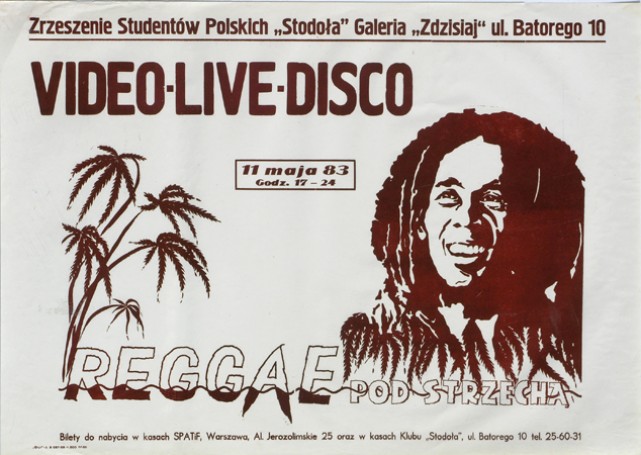 Video life disco’83 reggae pod strzechą, 1983 r.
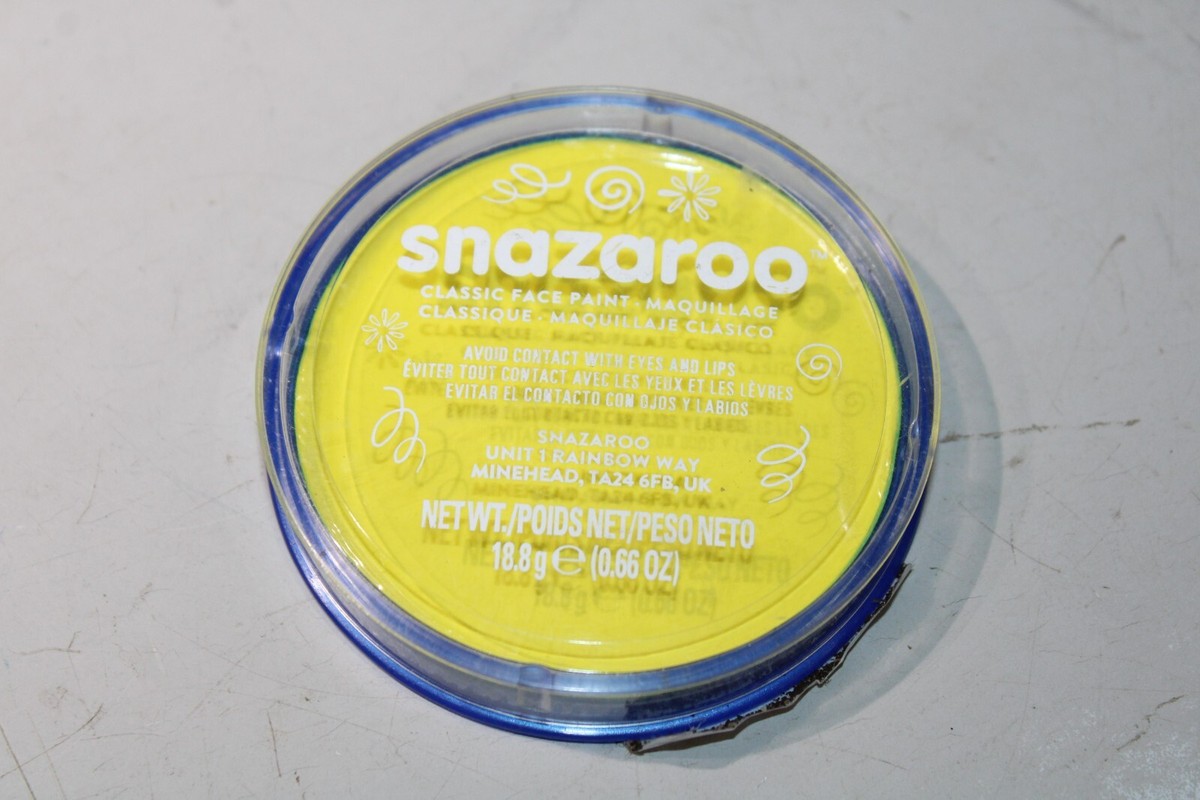 Pintura Facial Y Corporal Snazaroo, Maquillaje Para Halloween O Disfraces, Clásico, 18 Ml, Multicolor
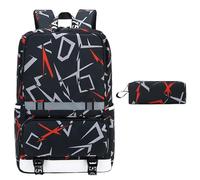 XIAOQENAN School Backpack With Pencil Case Set Laptop Bag Large Capacity Daypack Teenager Casual Book Bag For Various Occasion Laptop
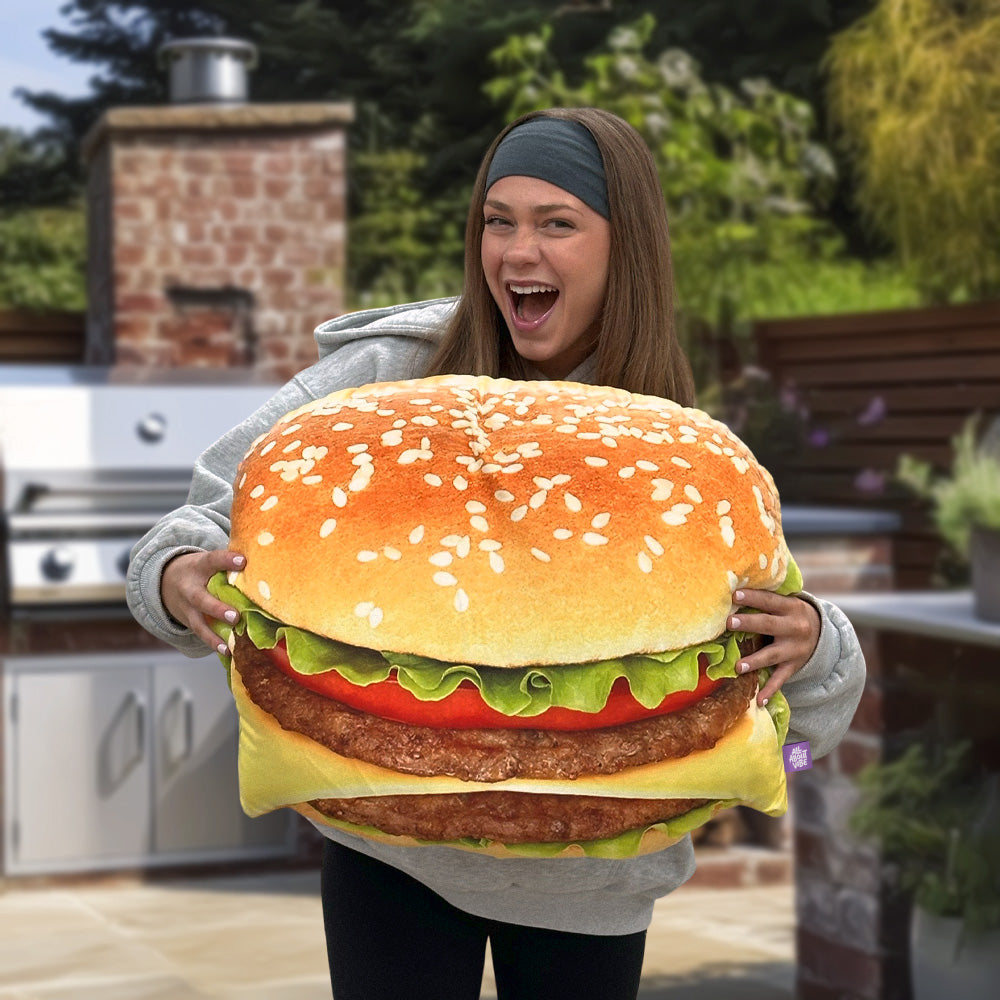 Burger Shaped Pillow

ABOUT THIS EXERCISE:
Skip all pictures. Write out only the lines from the one containing "XIAOQENAN School Backpack" to the end of the listing above, inclusive, exactly as given.

WRITTEN RESPONSE:
 XIAOQENAN School Backpack With Pencil Case Set Laptop Bag Large Capacity Daypack Teenager Casual Book Bag For Various Occasion Laptop
 Burger Shaped Pillow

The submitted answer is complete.